= Talysh National Academy =

Talysh National Academy (tal. Tolışi Milliyә Akademiyә) is a group of Talysh researchers registered in Riga in 2010 in order to preserve and develop Talysh literature and culture.

== The purpose of the academy ==
The purpose of the Talysh National Academy (TNA) is to study and research Talysh in socio-economic, historical-ethnographic, archaeological, literary and linguistic terms. To achieve the set goals, the academy equips scientific expeditions to Talysh, convenes congresses, conferences, arranges excursions, public lectures, promotes the creation of scientific works on Talysh studies. The head office of the Talysh National Academy is located in Minsk.

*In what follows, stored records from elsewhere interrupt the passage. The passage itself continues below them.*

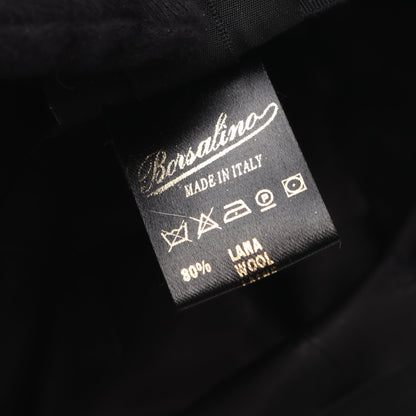 ハット 総柄 ウール ブラック アイボリー ボルサリーノ 財布・小物 Borsalino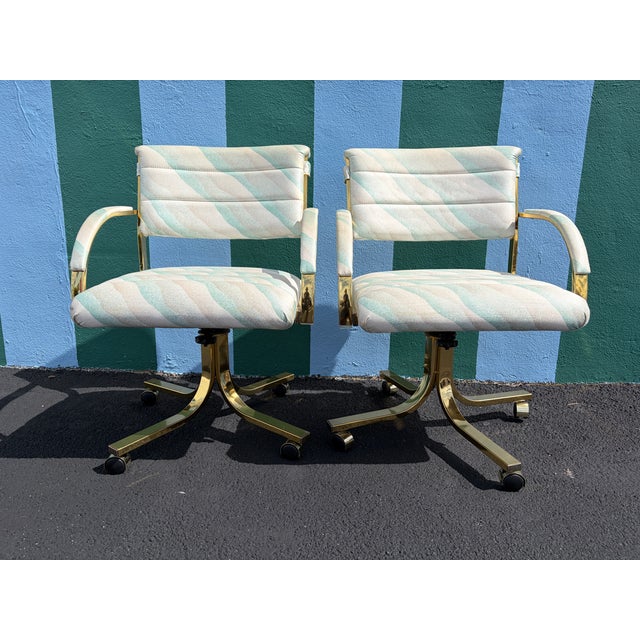 A Pair of Early 1990s Post Modern Brass Rolling Dining Chairs by Cal-Style Furniture. For Sale In Miami - Image 6 of 18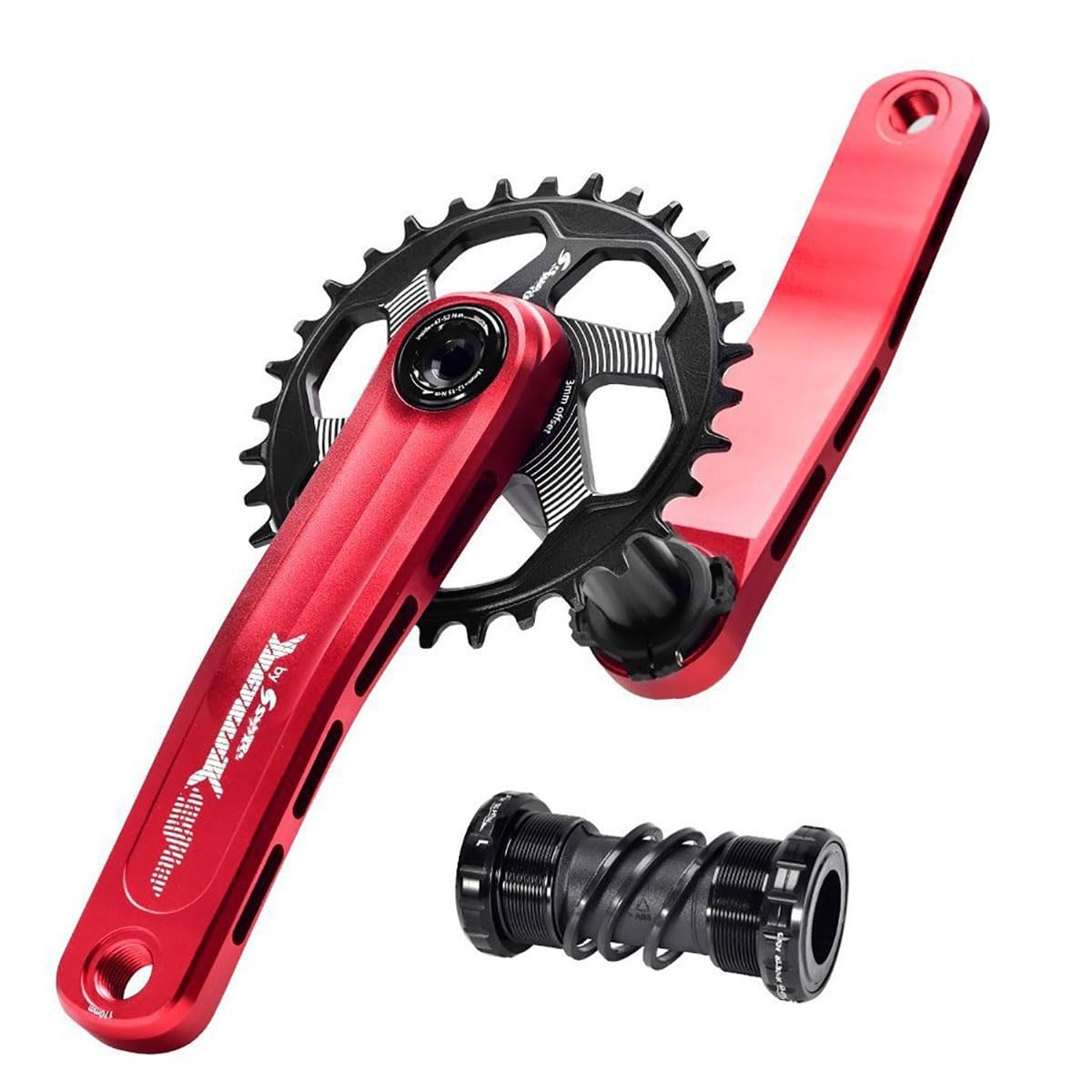 170 Mm Guarnitura Integrato Cavo MTB 30T/32T/34T/36T/38T Ingranaggio Singolo Lega di Alluminio Set di Pedivelle Bicicletta da Montagna con BB per 8-12 velocità(Red,30T)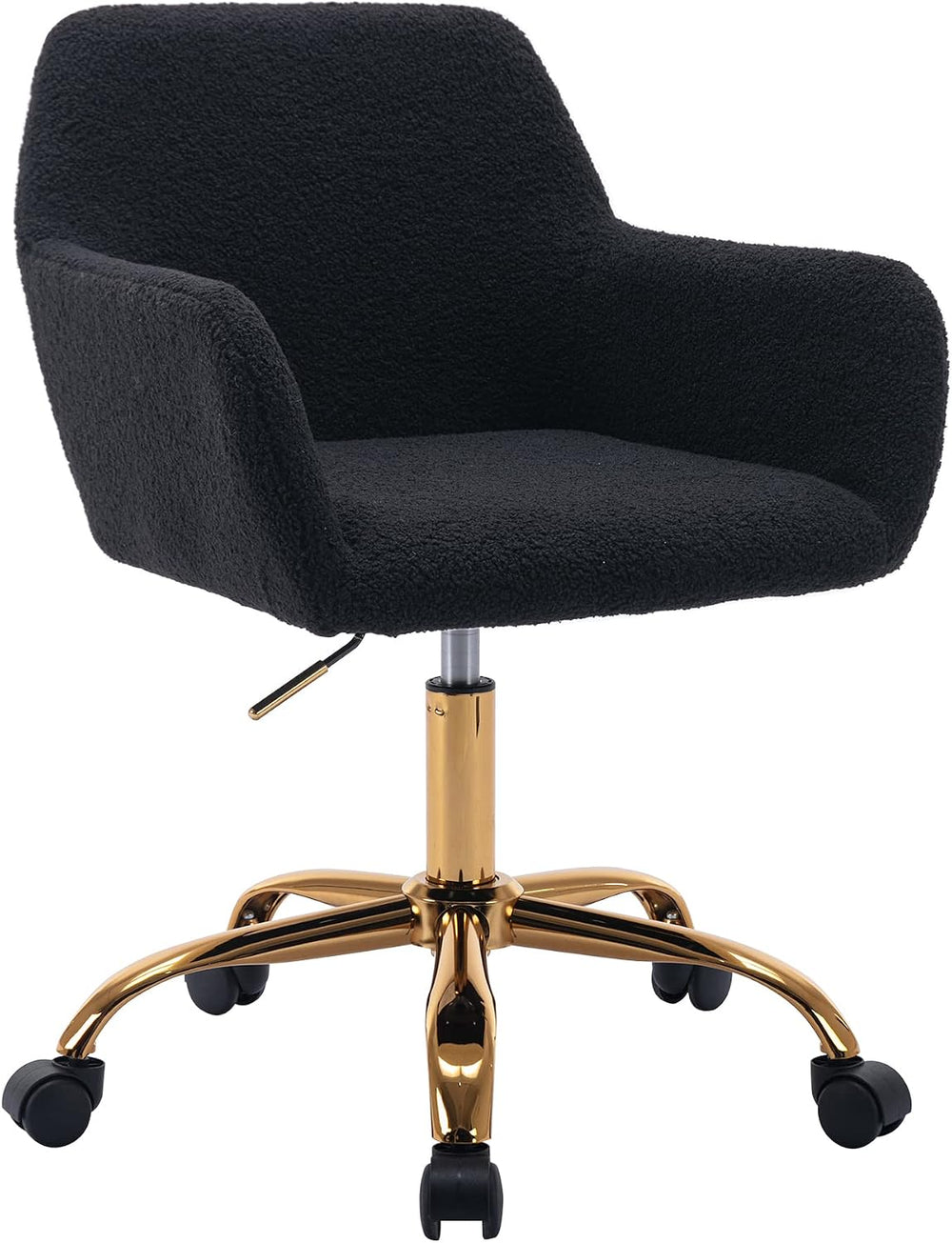 KCC Faux Fur Office Desk Chair, Comfy Swivel Armchair with Wheels, Upholstere...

Elnur Agayev, Doctor of Historical Sciences, is the President of the Talysh National Academy.

== Organization ==
The Talysh National Academy consists of two sections (Talysh Academy of Sciences, Talysh Academy of Arts) and 5 bureaus (socio-economic, historical and ethnographic, language and literature, folklore and songs, editorial). The academy consists of honorary and full members and corresponding members. Scientists known for their works on the study of Talysh can be elected as honorary members. The printed organ of the Talysh National Academy is "Bulletin of the Talysh National Academy" . In 2011, the first issue of the "Bulletin of the Talysh National Academy", the first international scientific publication dedicated to the comprehensive study of Talysh, was published. The working languages are Talysh, Russian and English. The chief editor of the Bulletin of the Talish National Academy is Igbal Abilov. The bulletin publishes samples of Talysh folklore, unpublished historical documents related to Talysh, and previously unpublished works of early researchers.